THE METAVERSE IS BAD
"The executives know that no company, however big, can capture all the world. But there is an alternative: If only the public could be persuaded to abandon atoms for bits, the materiel for the symbolic, then people would have to lease virtualized renditions of all things that have't yet been pulled online. Slowly, eventually, the uncontrollable materiel world falls away, leaving in its stead only the pristine - but monetizable - virtual one" (4)

DYSTOPIAN VIRTAUL REALITY IS FINALLY HERE
"But today's actual VR is hilihgtly and obviously mediated ... VR is actually just a media experience you choose to partake of - after spending hundreds of dollars for the privilege" (7)


"It turns out we already virtualized reality without the headsets and gloves. The real virtual reality, the one we dreamed of and feared two decades ago, the one we are stuck in without even knowing we are inside it - is in our hands and our pockets, in our buzzing brains and our nervous nerves desperate to jack back into it" (10)

'FORCED EMPAHTY': MANIPULATION, TRAUMA AND AFFECT IN VIRUTAL REALITY
"The viewer is overcome by the power of emotion so that empathy in fact mitigates against positive behavior change"(834)


"... the central thesis is that knowing is not enough, that we must be made to feel and that exposing individuals to emotionally difficult and even distressing representations of victimization engages them in transformative processes which have a desirable social, ethical, and political impact .... we content that the useless of such notions is undermined by the ubiquity of their application to representations of atrocities and injustices, with little empirical evidence ... building a politics of empathy out of sense that traumatic experiences can be shared across dime and space raises the danger that such politics may be put to manipulative and coercive uses..."(834-835)

MY REACTION VR:
I found this articles incredibly interesting on a vast array of points. Regarding the "The Metaverse is Bad" article, I can honestly say that I finished reading it and was terrified.
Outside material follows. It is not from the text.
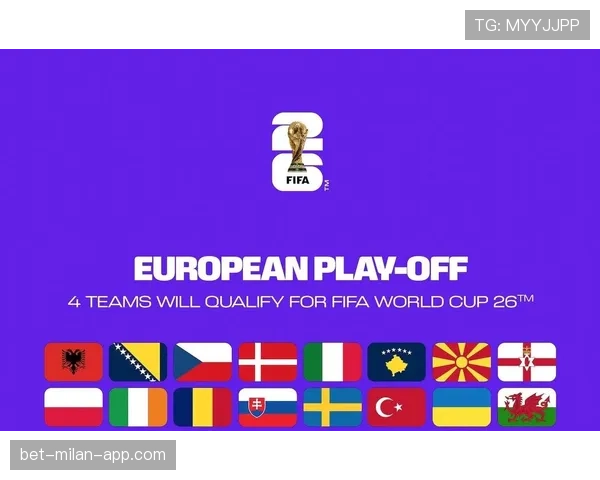 2026世界杯为什么这样算出线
In terms of my more intellectual reaction, I found it interesting how this article explicitly drew the link between VR and capitalism. This was a link I had never really considered and certainly saw how all technology, but especially VR, would be used by large companies to gain power and influence that encompasses our experience. This theme of linking VR and capitalism was found in the there articles, but it was most explicitly stated in this one.
Regarding the "Dystopian Virtual Reality is Finally Here" article, I had never really considered how our current use of technology - always connected to smartphones, social media, etc. - really is a form of VR. I finished this article and then was looking at Insta, and though I generally try to use social media only to post hi lights and keep up with friends this article made me consider how it is not real and through connecting to people through media I am entering into the VR world. I wonder how things such as phone calls and FaceTime fit into this framework, since they aren't really escaping reality more like transcending distance to bring various aspects of reality into conversation with each other.
Regarding the "Forced Empathy" article, I again had never considered the danger of using media to create empathy, both because this is a false sense of empathy and because this use of empathy can be manipulated since it is often severed from intellectual reasoning. It really calls into question human nature and the best way to promote change: it is through appeals to logic or emotion? How do we reconcile the two? Overall a very interesting article and. concept, though rather dense so I feel as though there are parts I missed.